Let $n$ and $b$ be integers larger than $1$, and write the base-$b$ expansion of $n$ as $n = \sum\limits_{i=0}^\infty a_i b^i$ (only finitely many of the $a_i$ are nonzero). We can define the polynomial $P_b^n(X)$ associated to this expansion by $P_b^n(X) = \sum\limits_{i=0}^\infty a_iX^i$.
Now define the set $S_n = \{b \mid b \lt n \text{ and } P_b^n(X)\text{ is reducible in }\mathbb Z[X]\}$. Note that a linear polynomial $a_0+a_1X$ can also be considered reducible if $\gcd(a_0, a_1) \gt 1$.
What do we know about lower/upper bounds and asymptotic behavior for $|S_n|$ (particularly when $n$ is composite)?

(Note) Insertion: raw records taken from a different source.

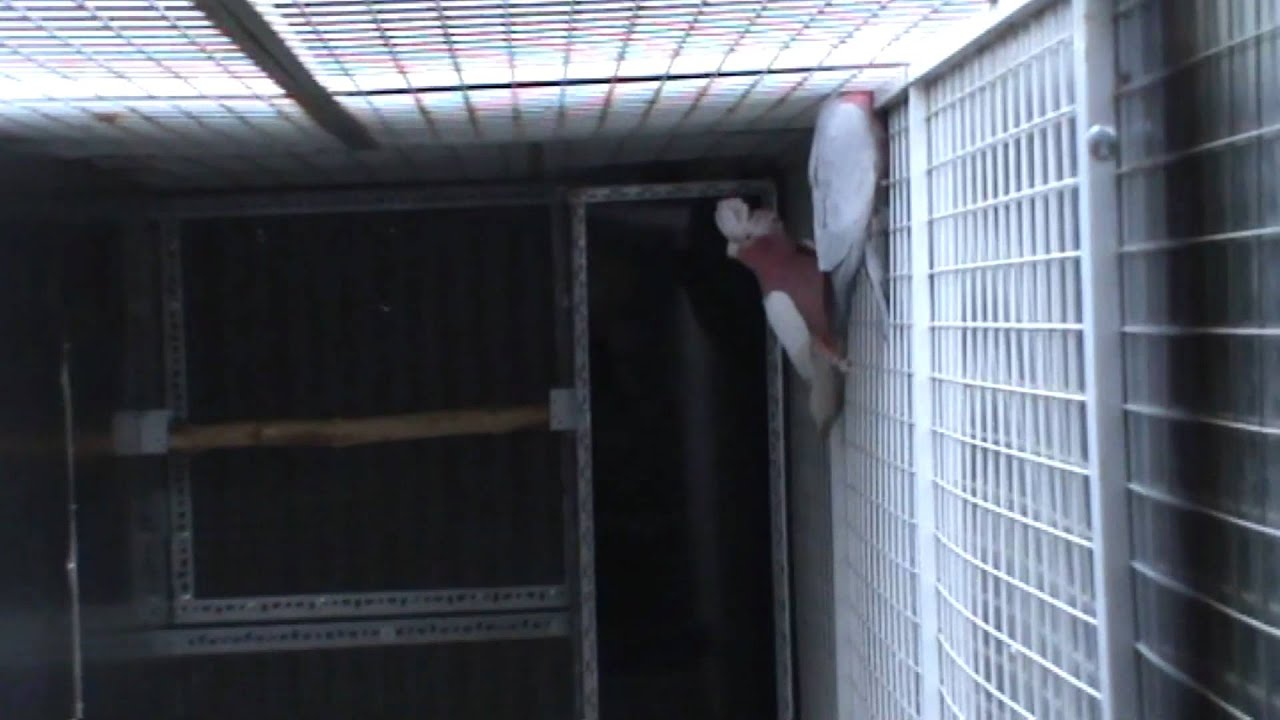 Galah Parrot Nest Box Design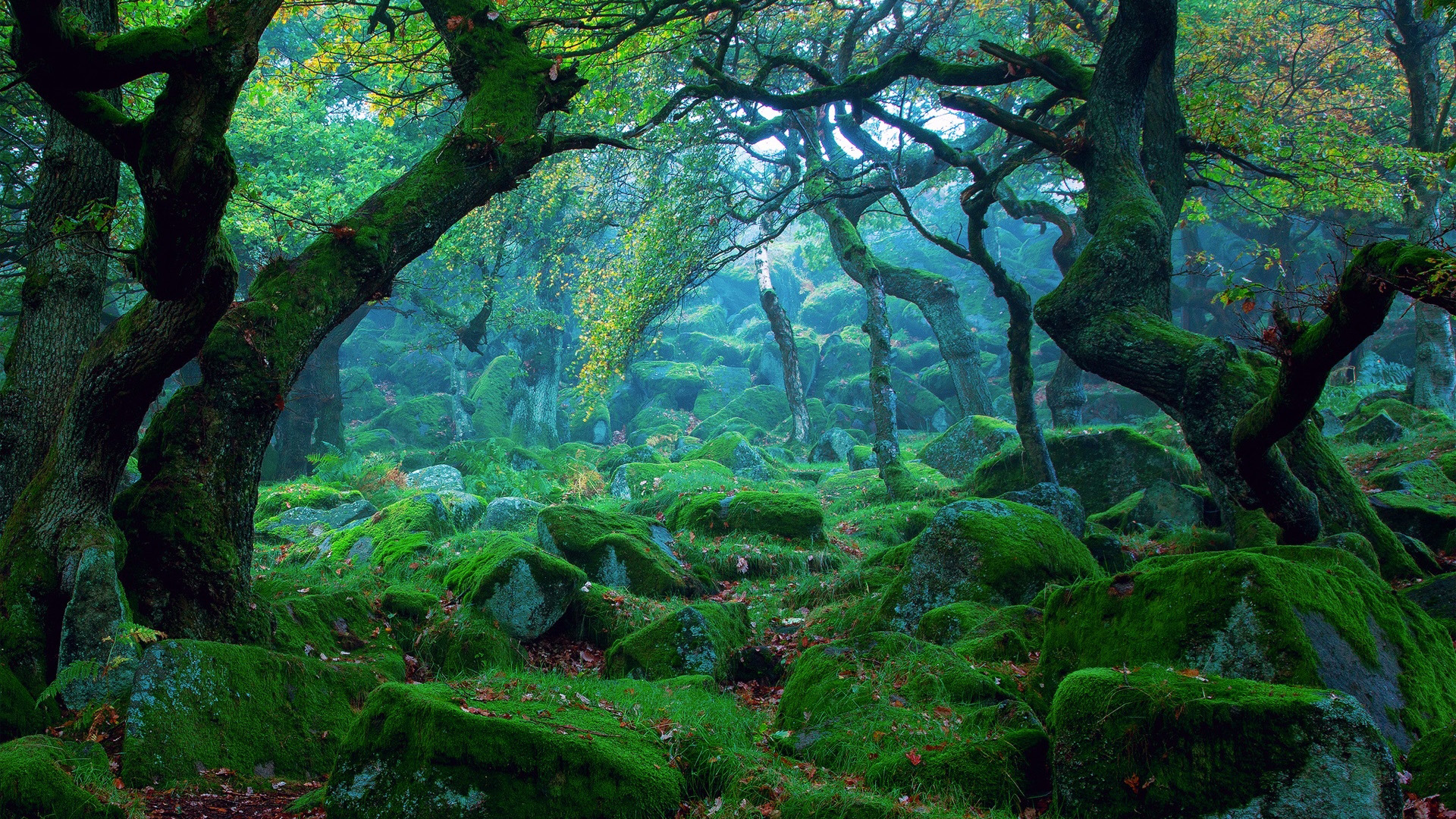 幽静的绿色森林,树,石头,苔藓,自然风景桌面壁纸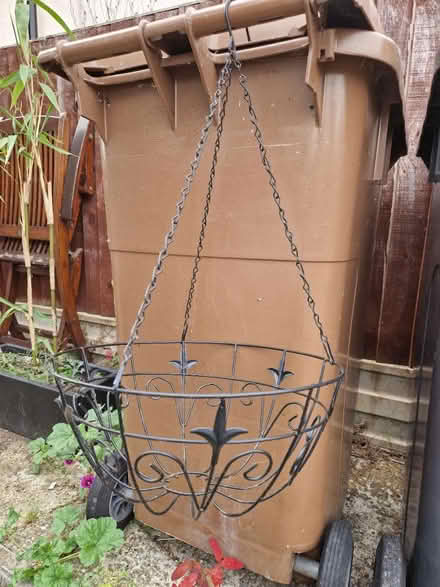 Photo of free Hanging basket 25.5 cm wide (West Avenue, Chelmsford, CM1) #1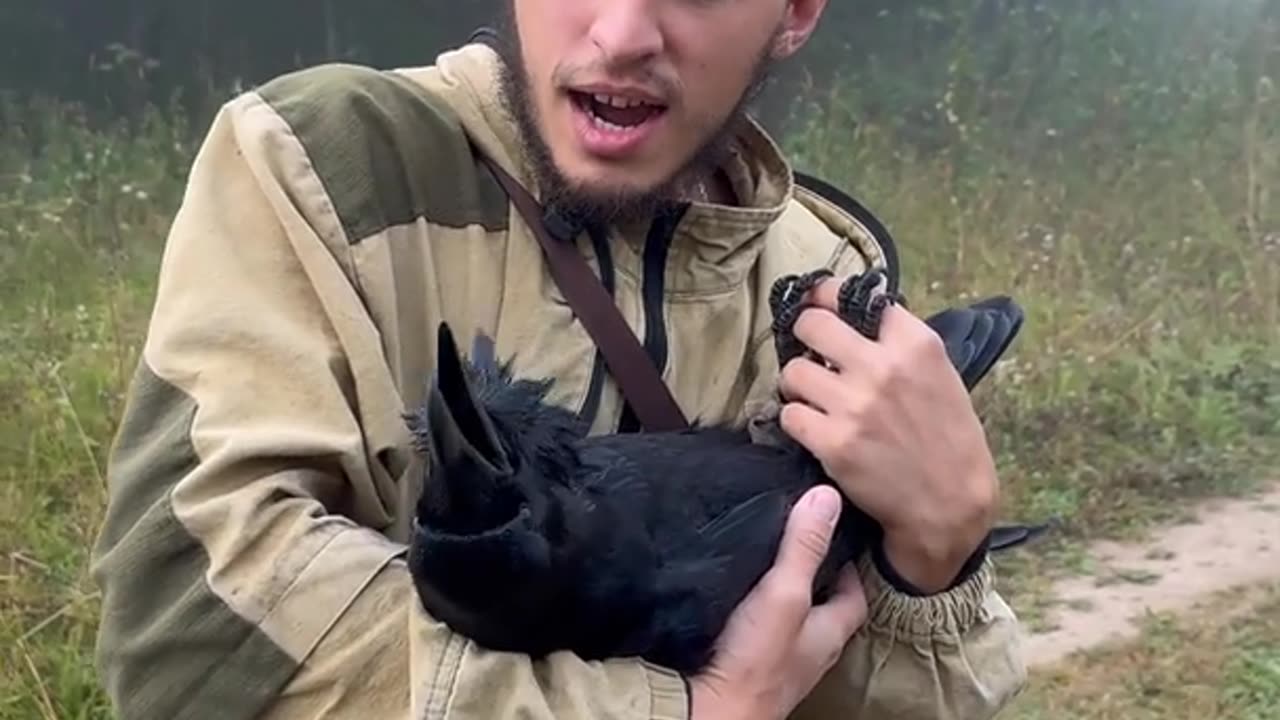 Raven Yawns With Contentment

The motivation for this question is that given an integer $n$, we can try to factor it by finding a base $b$ in which $P_b^n(X)$ is reducible, and obtaining factors of $n$ by replacing $X$ with $b$ in the polynomial factors. I am interested in the likelihood that such a strategy may succeed. Of course I am aware of better integer factorization algorithms, such as the Quadratic Sieve or the General Number Field Sieve, but I want to know how such an algorithm would perform, and whether/how often it can fail on composite numbers.